Come trattare una figlia adolescente dopo il divorzio

Innanzitutto, in caso di divorzio tra i genitori, la cosa migliore è, a mio avviso, quella di dedicare lo stesso tempo alla figlia e non diminuirlo. E’ necessario trovare, per entrambi i genitori, qualcosa da condivivedere che possa tenere ancora acceso il rapporto. La cosa peggiore da fare, per un genitore, è quella di essere “presa troppo” dal problema del divorzio, mettendo in secondo piano i figli. Una cosa da non fare è quella di “dare tutte vinte” alla figlia. A causa dei sensi di colpa dovuti dalla separazione, è sbagliato diventare eccessivamente indulgenti nei confronti della figlia. In altre parole lei dovrebbe capire che sono cambiati i rapporti tra i genitori mentre sono rimasti inalterati quelli tra lei e le figure materne e paterne. Un altro suggerimento che mi sento di dire è quello di non nascondere alla figlia i problemi che hanno portato al divorzio. Un dialogo costante è necessario e, con i dovuti “alleggerimenti”, è meglio secondo me farle capire i motivi dell’allontanamento tra i genitori. Tra i due genitori, quello che dovrebbe stare maggiormente attento, è quello del padre soprattutto nel caso in cui la convivenza della figlia permanga con la figura materna ( ossia l’evento più comune in questi casi ). Per quanto concerne la scuola, reputo opportuno che entrambi i genitori intervengano in questo ambito ( per esempio andando a parlare con i professori o parlando con la figlia di eventuali problemi ). Questo servirebbe alla figlia di sentirsi comunque “appoggiata” da entrambi i genitori seppure questi si siano separati. Elemento fondamentale è cercare di tenere dei buoni rapporti tra i genitori in modo da permettere alla figlia di poter crescere con sufficiente serenità. Un altro suggerimento che mi permetto di dare è quello di evitare di far vedere alla figlia un litigio in atto tra i genitori. Un adolescente rimane psicologicamente molto condizionato da eventi del genere quindi, in caso di discussioni particolarmente “violente”, è necessario farle in privato. Ultimo suggerimento è quello di non far venire alla figlia delle “false illusioni” per esempio facendole crendere in una sorta di riappacificazione quando, al contrario, non esistono le basi affinchè ciò avvenga.

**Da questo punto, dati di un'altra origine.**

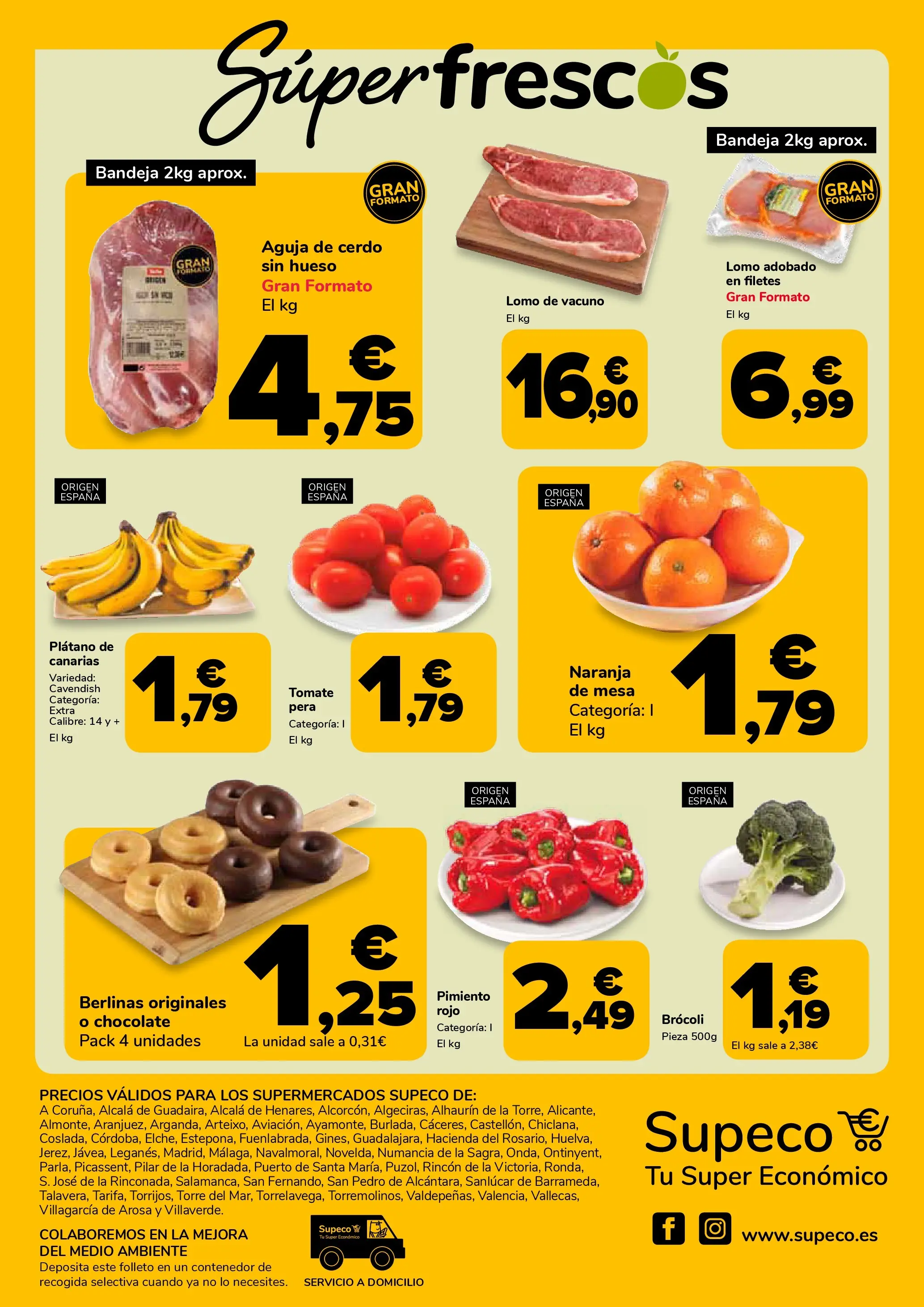 Supeco folleto 11/02/2026 - 25/02/2026 | Página: 4 | Productos: Chocolate, Κάδος απορρυμάτων, Bandeja, Mesa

Per quanto riguarda la mia esperienza personale, i miei genitori si sono separati quando io avevo soltanto tredici anni. La separazione è stata durissima ma necessaria ( il rapporto tra mio padre e mia madre era ormai logoro da diversi anni ed era diventato quasi un calvario per entrambi la convivenza ) e, dal punto di vista psicologico, ho risentito molto della situazione. Tutto quello che ho suggerito precedentemente non è stato attuato dai miei genitori ( soprattutto da mio padre ) facendomi crescere con un grande senso di insicurezza e con la consapevolezza di non avere due genitori sui quali appoggiarmi in caso di necessità.